Amici di Mondospettacolo, in questi giorni a partire dalla prima genovese del 24 ottobre, vedrete proiettato nei  cinema italiani il lungometraggio diretto da Alberto Bogo: “Terror Take Away”. Nell’attesa di leggere la recensione del nostro Caporedattore Francesco Lomuscio, ho deciso di farmi raccontare “il come hanno vissuto il film” alcune delle protagoniste della divertentissima opera di Bogo. Oggi tocca alla bellissima e bravissima Selene Feltrin.

Ciao Selene, benvenuta su Mondospettacolo, ti va di raccontarmi come e quando tutto è iniziato?

Ciao Alex, un saluto a te e a tutti i tuoi lettori.

Era un tranquillo giorno di settembre, circa all’ora di pranzo quando ho ricevuto una chiamata dal mio amico e regista Brace Beltempo. Sapevo anche che in quei giorni stava lavorando come direttore della fotografia per il film “Terror take away” di Alberto Bogo a Genova. La telefonata è suonata più o meno così: prendi il primo treno e vieni a Genova!

Sapevo che il cast era già stato scelto, ma mancava un’attrice per una parte e le riprese rischiavano di bloccarsi e rallentare. Ho buttato due vestiti nello zaino e mi sono “autobuttata” sul primo treno.

Ho studiato la parte mentre giravo per le carrozze cercando un posto libero poiché nella fretta ero salita sul treno sbagliato. La mia storia aveva coinvolto così tanto il capotreno che aveva deciso di non infierire con una salata multa. Con tono eroico aveva invece concluso: –Non posso impedire a quest’attrice di raggiungere il set!

Alle 18.30 ero finalmente a Genova e lì è iniziata l’avventura!

Un tour de force: in poche ore, e tutte notturne abbiamo registrato i primi minuti del film, tra tristezza, sballo, follia e terrore del mio personaggio senza un nome.

Una troupe meravigliosa, composta di persone che sanno e vogliono fare il loro lavoro.

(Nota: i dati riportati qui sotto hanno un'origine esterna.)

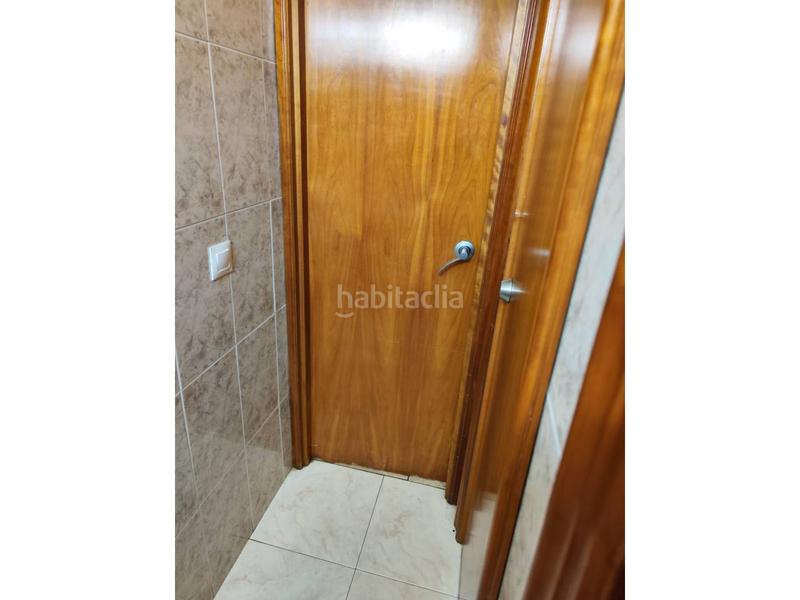 Foto 50da0960-c527-4aed-8d35-421c6eeb175e. Local comercial a Barenys Salou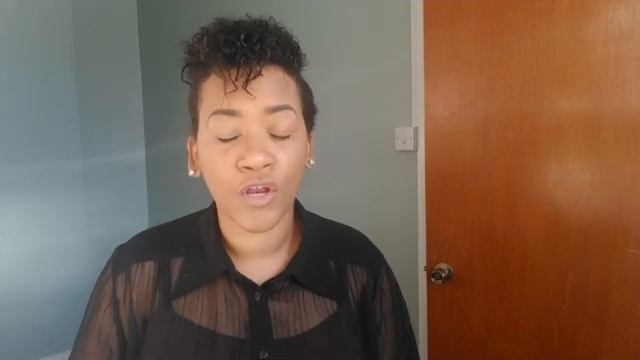 5 Amazing Tech Gift Ideas for Under $50 (USD) | 12 DAYS OF CHRISTMAS смотреть онлайн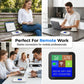 Draagbare 4G/5G LTE mobiele wifi-hotspot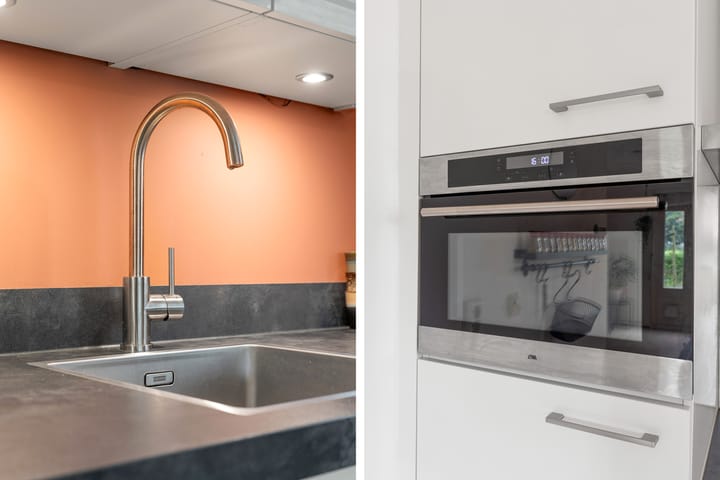 Photo 13 of Laurierstraat 24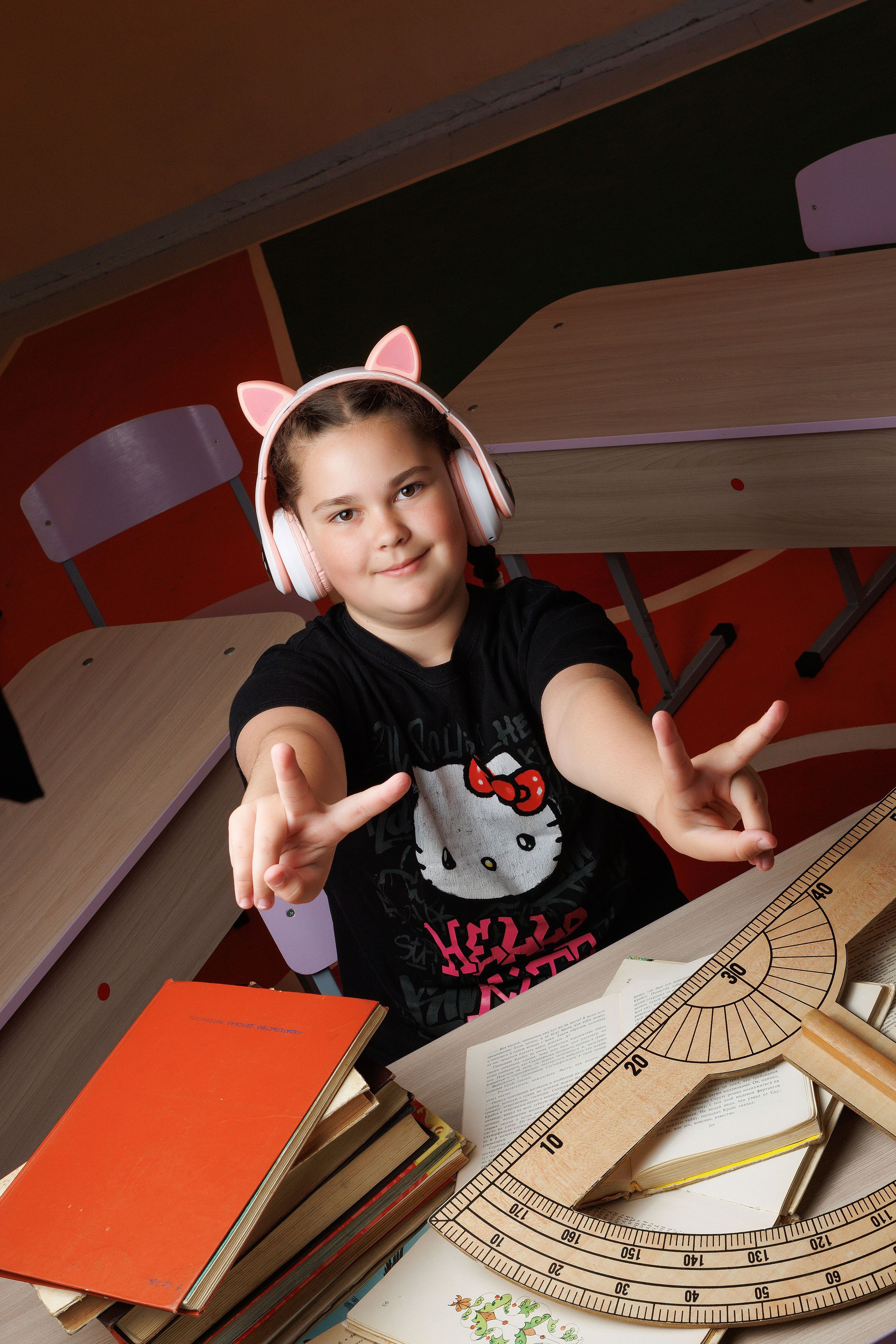 11 Школа Артем 3 класс. Photoalbum-vl.ru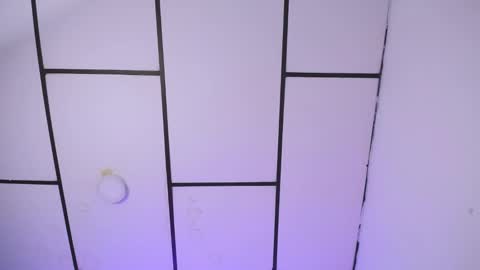 LAURA online show from 01-23-25, 10:01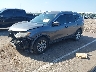 KNMAT2MT8GP****** Usados y Reparables 2016 Nissan Rogue en Memphis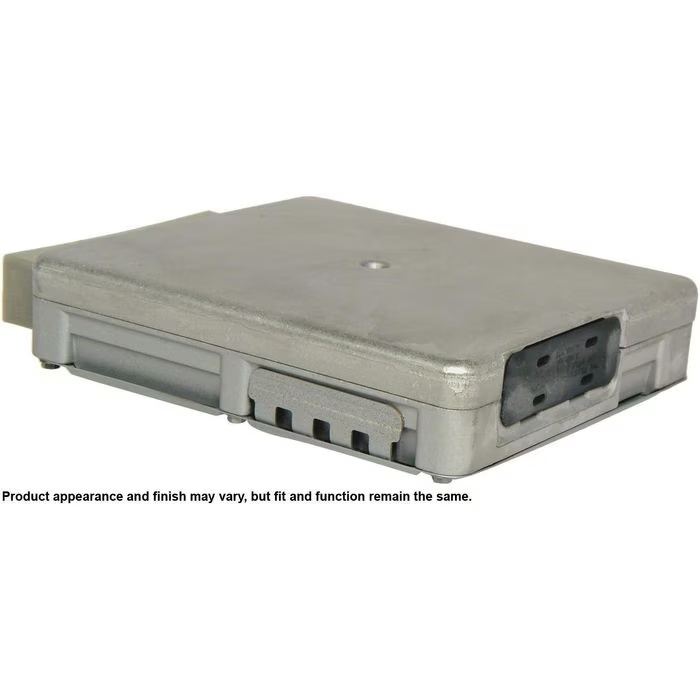 CARDONE Reman Engine Control Module (ECM) 78-5751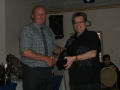 BADARLPresentationNight2013028_zps8c548236_1067_800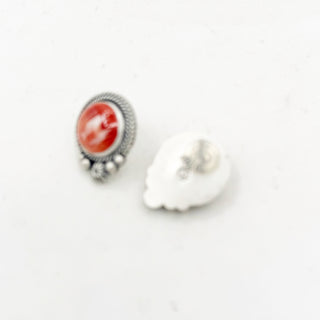 Shay Pfeiffer Classic Dangle Earrings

Tutti disponibili e pieni di passione. Da ultima arrivata sono stata accolta come nelle migliori SPA. Makeup artist da un lato, hair stylist dall’altro, stilista pronta col cambio in mano e il fantastico Alberto che ripassava personalmente  la parte con me.

C’è sempre quell’idea comune che per ideare e girare un film di genere horror sia necessario avere qualcosa di malato in testa. Ad ogni mia esperienza in questo ambito posso invece confermare che sono le persone più deliziose e solari nella vita a inventare trame improbabili e terrificanti. È un’arte che gioca sulla fantasia degli innocenti.

Selene, ti ringrazio per il tuo contributo e nell’attesa di vederti in sala ti faccio i miei complimenti  per la tua interpretazione e ti auguro a nome mio e di tutta la mia redazione una sfolgorante carriera.

Grazie a voi e mi raccomando, vi aspetto in sala.